In the 1930s Peter Drucker observed that failing institutions left societies easy prey for strongmen and populists, and it was this that led him to his belief in the critical social and political importance of good management as a bulwark of democracy and against creeping totalitarianism. When disillusionment, pessimism and the yearning for someone, anyone, to fix things have never been stronger, now if ever is the time to prove it. 

Happy Christmas.

2 thoughts on “Time for management to grow up

  1. I’ve been reading Caroline Elkins’ Legacy of Violence which rather displays how this incompetence was born in the days of Empire. It isn’t looking positive going forward… Happy Christmas!

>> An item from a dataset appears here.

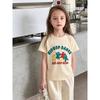 Children's Cartoon Print Pure Cotton Short-Sleeve T-Shirt for Older Kids, 2026 New Summer Style, Unisex Clothing, Ins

  2. Excellently put, Simon. As a very simple first step in what will be a long hard slog, may I suggest that the current crop of UK top CEOs make a revolutionary move. While we face an unprecedented squeeze on living standards – particularly among the poorest and most vulnerable in society – and while the government is trying to hold the line against what it perceives as unaffordable wage demands in the public and transport sectors (one can argue about whether we can afford to pay those demands) the CEOs and their boards have a role to play.

    What would be refreshing and unprecedented would be for them (having had a 39% increase on average in 2021) to publicly come out and say as a group that not only will they freeze their pay but will go further and take say a 5% or even a 10% pay cut.

    Shock horror, I know, and cynics will say this can never happen. But this would give business the moral high ground at this appallingly difficult time. Normally what happens is that calls for pay restraint are immediately undermined by executives taking huge increases, huge bonuses and more than likely bonuses which may not match company performance. This utterly enrages the public and union members alike.

    Even better why can’t some of the very wealthy British executives and entrepreneurs (Sir Philip Green please note) follow many of the Norwegian multi-millionaire business directors or entrepreneur owners who come out forcefully to say they are very happy to pay the generally higher levels of tax there as they recognise they benefit from the society in which they operate in terms of a sound legal and justice system, an educated population and a strong medical system.